The pastors, continued Mau, "are my spiritual brothers and I love them, pray for them, and serve alongside them whenever I can. They are doing what the church is called to do."
It's not going unnoticed, at least by the ones they serve.
"They are just grateful to have food and tell us so," Marks said.
The meal could be a rare one, said Brown.
"They might have had one meal yesterday, might get one today," he said.
This night was only a few hours after Black Friday began for many department stores. Brown was unfettered by millions tossing down credit cards for purchases of material possessions. To a point.
"When people do things right and they work and they take care of themselves and don't spend money on foolish things, I say, go to the stores," he said.
What Brown has learned in the 11 years of late-night serving is that "everybody's got a story. Things don't look like what you see on the outside. I learn that when people become real honest with themselves and with other people, they change."

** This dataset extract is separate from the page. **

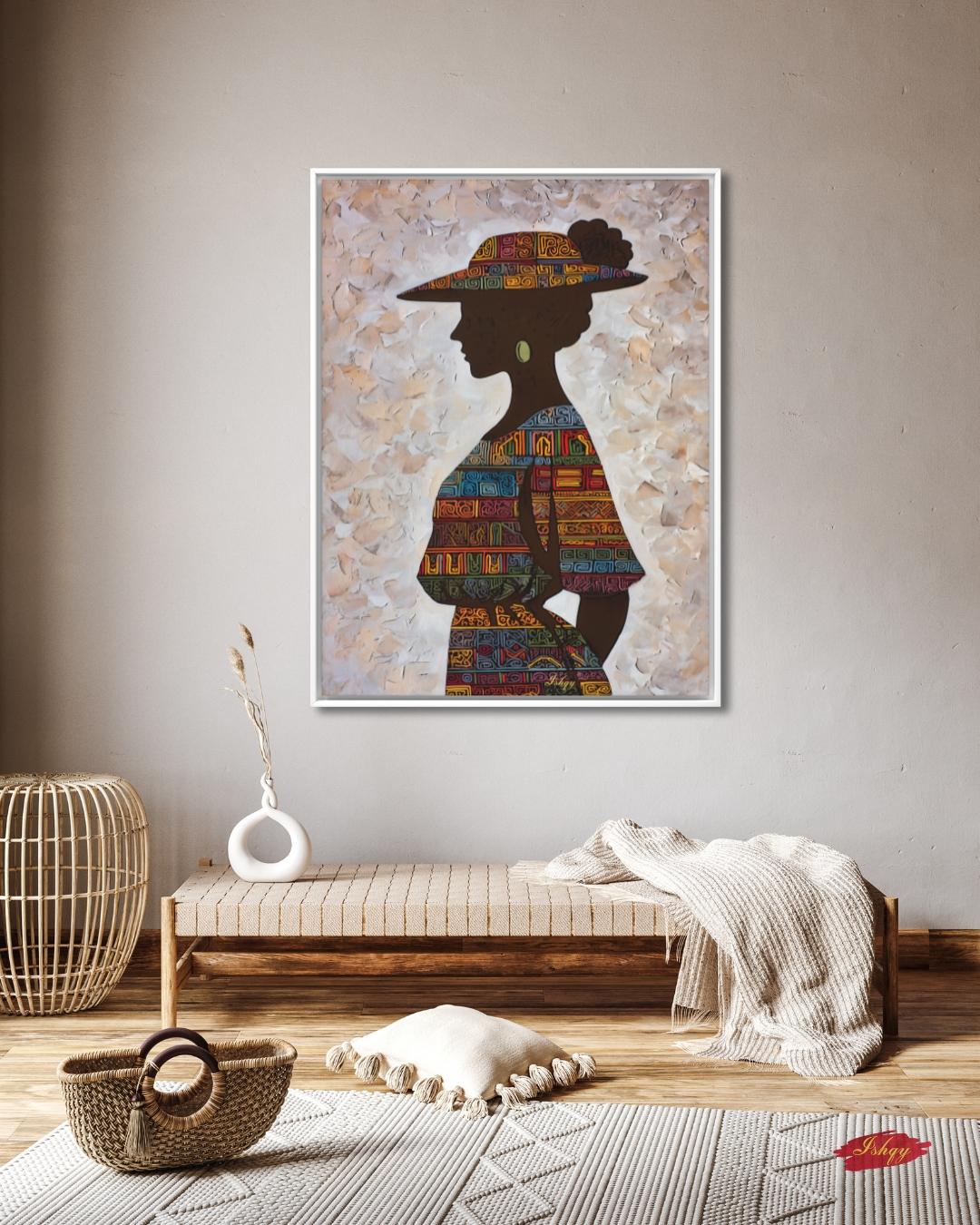 Panamanian Woman Portrait Painting Canvas Framed Canvas, Afro-Latina Wall Art Print, Modern Tropical Boho Decor For Living Room Office Home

Hunger often humbles, he added.
"Sometimes, these people come out and they act tough and run their mouth," Brown said. "But when they come here, most are honest with themselves because they're on the same stage. They put down their guard and don't pretend. Everybody's in the same boat."
Every late night, Marks gives his "minute message" of a quick prayer, circling the hungry for a few moments. The entire time, he knows he's covered.
"Pastor Mike's always looking out for me," Marks said.

Saturday morning, 2:15 a.m., Dec. 3 -
They're back. The pastors, that is. And roughly 30, 35 hungry and homeless. One man approaches Marks, who has soup duties.
"I know what you want -- some soup," Marks said with his southern accent culled from years in Atlanta.
"Oh yeah, that's what I come for," said another satisfied customer.
It's getting into winter, though it was an oddly warm day. The wind remains at bay until whipping around at 3 a.m. It doesn't bother Marks, who spent time in upstate New York and Colorado.
"I can take this through March," he said. "This is a cupcake. This is not cold. Upstate New York is as cold as I want to be in my life."
Marks and Brown catch a volunteer break on this night. Jim Marabilla, 35, gladly runs the grill.
"God has given me my blessings," Marabilla said. "It's my turn to share. He has taken care of me for all my life. And some people need my help."
There are more women tonight. Perhaps five or six. But no kids.
"That's a good thing," Marks said.
It's tough when there are kids, the pastors agree.
Marks knows some of the names of the homeless. Brown recalls many, having worked the Sparrow Project's lunch programs.
"It's interesting when I do know somebody's name, I like to call 'em," Marks said. "When we first started, there was someone named 'Chris.' He said, 'You remembered my name!' Just having their name remembered is important. A lot of self-esteem is lost being on the street."
It's time for the "blessing of the chicken," as Marks gathers the troops.
Christmas is around the corner, he reminds everyone.
"It's good to see your faces," Marks said. "Remember to be grateful."
"I've had people call this 'being at church,'" Marks said. "For a lot of them, this is as much 'church' as they get."
The line forms. Marabilla delivers the chicken. Within a half hour, the area is nearly vacated. One man, leaning against a wall, sleeps.
"If you'll excuse me, I have to wash the pot, " Marks said, disappearing around the corner.